Pensavo che un lungo digiuno sarebbe stato più che altro un modo per disintossicarmi, per depurarmi. Ma quando mi capita di ripensarci, ora, lo vedo più come un lento processo che mi diede modo di entrare sempre più profondamente dentro di me, oltre che di arrendermi alle capacità auto-curative del mio corpo.

La disintossicazione si manifestò attraverso diverse reazioni del mio corpo. Ad esempio, dopo un po’ mi venne un mal di gola che durò per alcuni giorni. Sperimentai anche alcune strane reazioni fisiche che perfino adesso non riesco a comprendere. Quello che veramente successe, nel profondo del mio corpo, durante il digiuno sembra appartenere solamente all’intelligenza insita nelle mie cellule.

In un certo senso, il digiuno fu un progressivo declino delle mie capacità fisiche, accompagnato da un progressivo aumento della mia lucidità mentale.

Nel corso di un digiuno il corpo passa da un metabolismo che brucia carboidrati a un metabolismo che brucia grassi. Per sopravvivere conta sulle proprie scorte interne di grasso, convertendolo nei carboidrati di cui ha bisogno.

Questo processo (con cui il corpo consuma le proprie riserve di grasso) fece sì che la maggior parte delle persone del gruppo non fosse al massimo delle proprie forze.

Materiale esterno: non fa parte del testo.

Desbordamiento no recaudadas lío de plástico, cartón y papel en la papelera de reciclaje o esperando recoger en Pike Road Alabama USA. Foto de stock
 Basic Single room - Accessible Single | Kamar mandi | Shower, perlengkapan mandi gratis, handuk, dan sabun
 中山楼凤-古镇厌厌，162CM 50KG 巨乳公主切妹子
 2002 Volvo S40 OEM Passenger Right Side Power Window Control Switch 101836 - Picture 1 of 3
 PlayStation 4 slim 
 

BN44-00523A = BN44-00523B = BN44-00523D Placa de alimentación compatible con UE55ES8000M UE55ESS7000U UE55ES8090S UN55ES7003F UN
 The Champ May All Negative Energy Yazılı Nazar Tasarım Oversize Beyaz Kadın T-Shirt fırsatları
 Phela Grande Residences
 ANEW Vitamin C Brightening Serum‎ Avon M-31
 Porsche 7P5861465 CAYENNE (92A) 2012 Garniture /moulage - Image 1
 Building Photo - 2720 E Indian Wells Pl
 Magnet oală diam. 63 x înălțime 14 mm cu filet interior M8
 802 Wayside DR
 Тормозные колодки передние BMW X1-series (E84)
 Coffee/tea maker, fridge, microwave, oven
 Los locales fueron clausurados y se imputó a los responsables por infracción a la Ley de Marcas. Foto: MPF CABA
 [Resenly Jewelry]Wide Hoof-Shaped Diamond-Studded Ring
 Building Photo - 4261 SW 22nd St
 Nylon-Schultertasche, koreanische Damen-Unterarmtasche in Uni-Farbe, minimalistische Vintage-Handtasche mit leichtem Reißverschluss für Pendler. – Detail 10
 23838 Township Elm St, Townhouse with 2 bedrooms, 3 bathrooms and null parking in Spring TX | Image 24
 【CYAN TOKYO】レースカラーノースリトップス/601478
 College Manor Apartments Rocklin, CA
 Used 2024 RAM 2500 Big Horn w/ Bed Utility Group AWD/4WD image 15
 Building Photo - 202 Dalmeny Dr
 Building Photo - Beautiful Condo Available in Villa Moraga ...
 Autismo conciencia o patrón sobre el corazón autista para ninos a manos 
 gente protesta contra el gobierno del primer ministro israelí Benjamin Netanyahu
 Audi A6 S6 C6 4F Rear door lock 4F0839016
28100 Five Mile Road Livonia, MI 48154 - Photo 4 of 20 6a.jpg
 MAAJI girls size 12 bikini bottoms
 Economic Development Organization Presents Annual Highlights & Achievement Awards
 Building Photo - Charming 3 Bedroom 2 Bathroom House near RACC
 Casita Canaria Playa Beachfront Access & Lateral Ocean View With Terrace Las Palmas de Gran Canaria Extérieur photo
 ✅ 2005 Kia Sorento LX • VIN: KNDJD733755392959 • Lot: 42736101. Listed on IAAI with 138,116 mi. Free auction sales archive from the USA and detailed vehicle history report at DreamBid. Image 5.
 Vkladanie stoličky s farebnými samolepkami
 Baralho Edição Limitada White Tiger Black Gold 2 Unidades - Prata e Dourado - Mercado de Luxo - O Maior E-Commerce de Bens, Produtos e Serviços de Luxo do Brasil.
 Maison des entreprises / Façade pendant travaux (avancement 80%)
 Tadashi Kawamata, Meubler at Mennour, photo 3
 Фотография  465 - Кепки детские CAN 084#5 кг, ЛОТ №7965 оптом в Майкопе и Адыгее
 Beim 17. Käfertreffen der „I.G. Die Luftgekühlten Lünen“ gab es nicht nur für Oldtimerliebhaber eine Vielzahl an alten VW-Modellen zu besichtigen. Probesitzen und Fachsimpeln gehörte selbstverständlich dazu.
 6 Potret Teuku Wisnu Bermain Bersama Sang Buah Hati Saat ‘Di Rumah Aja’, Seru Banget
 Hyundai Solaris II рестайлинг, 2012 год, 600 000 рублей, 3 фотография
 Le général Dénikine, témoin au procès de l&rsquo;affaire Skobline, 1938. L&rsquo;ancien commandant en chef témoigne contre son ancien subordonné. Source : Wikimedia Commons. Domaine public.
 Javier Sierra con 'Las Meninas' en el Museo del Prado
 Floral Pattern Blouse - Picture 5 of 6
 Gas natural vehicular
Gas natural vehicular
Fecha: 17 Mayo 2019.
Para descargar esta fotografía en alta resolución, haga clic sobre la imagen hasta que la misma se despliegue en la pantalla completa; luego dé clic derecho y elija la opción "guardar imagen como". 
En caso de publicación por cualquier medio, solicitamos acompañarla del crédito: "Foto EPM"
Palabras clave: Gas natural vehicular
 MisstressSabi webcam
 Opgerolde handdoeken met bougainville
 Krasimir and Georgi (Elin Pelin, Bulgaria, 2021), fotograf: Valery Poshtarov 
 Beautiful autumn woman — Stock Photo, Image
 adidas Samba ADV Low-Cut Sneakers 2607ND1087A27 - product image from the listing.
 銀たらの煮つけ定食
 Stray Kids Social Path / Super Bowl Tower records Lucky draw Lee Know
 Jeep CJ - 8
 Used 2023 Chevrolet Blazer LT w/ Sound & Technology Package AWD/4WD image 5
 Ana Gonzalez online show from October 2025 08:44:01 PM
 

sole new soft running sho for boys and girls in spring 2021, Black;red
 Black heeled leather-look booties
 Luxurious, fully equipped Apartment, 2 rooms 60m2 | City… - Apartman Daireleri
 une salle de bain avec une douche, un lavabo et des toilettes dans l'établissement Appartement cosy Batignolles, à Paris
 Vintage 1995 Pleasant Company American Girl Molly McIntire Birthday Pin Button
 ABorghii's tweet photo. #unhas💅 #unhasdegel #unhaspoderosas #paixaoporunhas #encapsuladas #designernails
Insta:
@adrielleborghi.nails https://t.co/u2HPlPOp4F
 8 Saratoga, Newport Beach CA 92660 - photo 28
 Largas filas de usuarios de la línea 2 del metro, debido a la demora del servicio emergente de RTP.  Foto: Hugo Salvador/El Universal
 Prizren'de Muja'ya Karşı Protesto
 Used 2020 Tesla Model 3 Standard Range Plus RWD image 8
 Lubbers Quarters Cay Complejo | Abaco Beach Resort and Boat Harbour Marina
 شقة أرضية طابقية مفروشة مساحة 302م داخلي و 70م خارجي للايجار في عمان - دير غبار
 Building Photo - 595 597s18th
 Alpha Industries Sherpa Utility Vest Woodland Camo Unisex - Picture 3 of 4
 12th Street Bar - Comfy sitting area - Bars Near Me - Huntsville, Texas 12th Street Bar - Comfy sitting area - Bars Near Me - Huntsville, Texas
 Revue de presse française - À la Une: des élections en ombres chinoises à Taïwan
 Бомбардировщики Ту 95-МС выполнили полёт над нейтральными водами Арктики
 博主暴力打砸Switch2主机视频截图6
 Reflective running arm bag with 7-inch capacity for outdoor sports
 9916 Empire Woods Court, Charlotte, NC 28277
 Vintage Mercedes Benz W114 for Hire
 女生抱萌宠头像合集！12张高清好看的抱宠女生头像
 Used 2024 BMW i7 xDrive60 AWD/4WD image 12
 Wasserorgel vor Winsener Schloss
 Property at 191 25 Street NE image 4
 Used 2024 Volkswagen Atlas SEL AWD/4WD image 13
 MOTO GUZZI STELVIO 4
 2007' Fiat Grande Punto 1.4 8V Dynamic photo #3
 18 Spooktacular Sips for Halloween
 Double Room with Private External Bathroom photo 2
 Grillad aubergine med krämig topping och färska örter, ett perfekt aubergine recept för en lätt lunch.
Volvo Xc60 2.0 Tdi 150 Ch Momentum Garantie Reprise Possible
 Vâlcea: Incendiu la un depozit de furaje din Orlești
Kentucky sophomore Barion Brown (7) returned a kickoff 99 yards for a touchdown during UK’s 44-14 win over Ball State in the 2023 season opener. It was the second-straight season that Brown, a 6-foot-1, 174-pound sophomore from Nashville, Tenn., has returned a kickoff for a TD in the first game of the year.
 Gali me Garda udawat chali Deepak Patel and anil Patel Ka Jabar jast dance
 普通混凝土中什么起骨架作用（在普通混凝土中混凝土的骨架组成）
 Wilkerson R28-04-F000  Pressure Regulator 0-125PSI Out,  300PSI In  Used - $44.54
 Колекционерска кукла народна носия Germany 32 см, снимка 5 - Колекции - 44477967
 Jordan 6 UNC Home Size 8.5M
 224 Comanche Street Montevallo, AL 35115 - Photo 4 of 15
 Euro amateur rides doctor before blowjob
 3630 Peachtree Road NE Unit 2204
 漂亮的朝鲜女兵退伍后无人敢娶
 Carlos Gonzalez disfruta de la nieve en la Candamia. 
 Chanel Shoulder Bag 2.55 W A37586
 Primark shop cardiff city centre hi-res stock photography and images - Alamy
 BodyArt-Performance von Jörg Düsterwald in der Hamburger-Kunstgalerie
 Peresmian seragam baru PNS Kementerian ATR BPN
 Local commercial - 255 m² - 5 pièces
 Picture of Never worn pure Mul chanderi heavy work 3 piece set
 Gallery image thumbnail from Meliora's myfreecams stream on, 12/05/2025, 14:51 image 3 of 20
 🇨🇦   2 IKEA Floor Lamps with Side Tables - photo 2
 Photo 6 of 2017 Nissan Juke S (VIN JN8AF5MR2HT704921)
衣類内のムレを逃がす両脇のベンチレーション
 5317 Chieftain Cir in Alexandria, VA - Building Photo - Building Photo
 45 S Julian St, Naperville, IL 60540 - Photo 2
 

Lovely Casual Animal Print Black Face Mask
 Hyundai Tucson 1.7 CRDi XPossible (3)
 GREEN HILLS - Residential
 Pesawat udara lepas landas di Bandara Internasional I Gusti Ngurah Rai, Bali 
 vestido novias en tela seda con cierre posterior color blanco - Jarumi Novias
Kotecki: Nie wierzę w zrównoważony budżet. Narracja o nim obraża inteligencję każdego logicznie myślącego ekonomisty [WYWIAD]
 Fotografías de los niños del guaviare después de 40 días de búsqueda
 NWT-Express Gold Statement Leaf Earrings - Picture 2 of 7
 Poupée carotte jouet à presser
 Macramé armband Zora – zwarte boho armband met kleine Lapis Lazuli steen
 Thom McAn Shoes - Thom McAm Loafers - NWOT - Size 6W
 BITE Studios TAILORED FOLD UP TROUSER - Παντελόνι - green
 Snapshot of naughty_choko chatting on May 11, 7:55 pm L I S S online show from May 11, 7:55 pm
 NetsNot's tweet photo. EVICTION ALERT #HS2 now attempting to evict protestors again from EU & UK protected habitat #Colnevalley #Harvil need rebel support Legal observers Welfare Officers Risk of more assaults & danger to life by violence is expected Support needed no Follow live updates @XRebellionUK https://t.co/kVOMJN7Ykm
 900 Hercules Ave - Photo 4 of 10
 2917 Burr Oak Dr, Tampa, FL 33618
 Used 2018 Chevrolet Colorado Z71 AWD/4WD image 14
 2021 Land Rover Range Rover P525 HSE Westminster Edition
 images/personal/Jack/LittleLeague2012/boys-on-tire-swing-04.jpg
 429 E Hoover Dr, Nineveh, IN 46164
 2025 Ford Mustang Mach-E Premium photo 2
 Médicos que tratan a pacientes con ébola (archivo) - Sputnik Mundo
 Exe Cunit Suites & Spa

Nei primi giorni, avevo sufficiente energia per camminare, nuotare in piscina e fare lunghe chiacchierate con gli altri partecipanti.

Dopo 5 o 6 giorni, cominciai a rallentare.

Dopo 10 giorni, entrai nel digiuno vero e proprio. Anche solo camminare fino alla piscina (2 minuti) diventò per me troppo faticoso.

Dopo 14 giorni, cominciai a farmi la doccia seduto su una scatola. Passavo almeno 20 ore al giorno disteso da qualche parte. La mia mente non era inattiva, ma era tempo “orizzontale”.

In termini di capacità mentali, invece, era l’opposto. Durante il digiuno i miei sogni divennero estremamente chiari e vividi. A volte sognavo senza sosta per ore, svegliandomi da un sogno per riaddormentarmi subito dopo ed entrare in un altro. I sogni che facevo spesso contenevano messaggi chiari. Non erano confusi o sparpagliati come nella mia vita normale.

Avevo poco desiderio di leggere, ma dopo 6 o 7 giorni, cominciai a essere investito da idee e progetti che trascrissi sul mio computer. Altrimenti, passavo il tempo ascoltando musica con il mio iPod (che mi salvò la vita durante il digiuno) senza fare nient’altro.

 

Le sfide durante il digiuno

Inizialmente, digiunare fu relativamente facile. Anche se sembrava mancare una vita al termine, ero pronto a viverlo un giorno per volta. Poi, dopo una settimana, arrivai a un punto critico in cui la mia mente cominciò a cercare di convincermi a mollare.

Molte volte, fui assalito dai dubbi e dalle paure. Ogni volta che sperimentavo una sensazione nuova che non capivo, avevo una ragione in più per cominciare a dubitare e a voler interrompere il digiuno.

Non avrei mai potuto fare un digiuno così lungo per conto mio, senza le lezioni tenute giornalmente dal medico che ci seguiva e l’assistenza che ci veniva fornita.

Le persone che hanno digiunato per lunghi periodi a casa, senza nessuna supervisione, hanno ora tutta la mia ammirazione, ma non raccomanderei mai a nessuno di fare una cosa del genere. Il giusto supporto e supervisione sono determinanti per il successo di un digiuno.

Il digiuno non è per tutti. Assicurati di chiedere il parere di un esperto di salute accreditato, e non digiunare mai a lungo senza supervisione. 

Un digiuno di 24 ore invece è una pratica salutare che chiunque può fare senza complicazioni o preoccupazioni.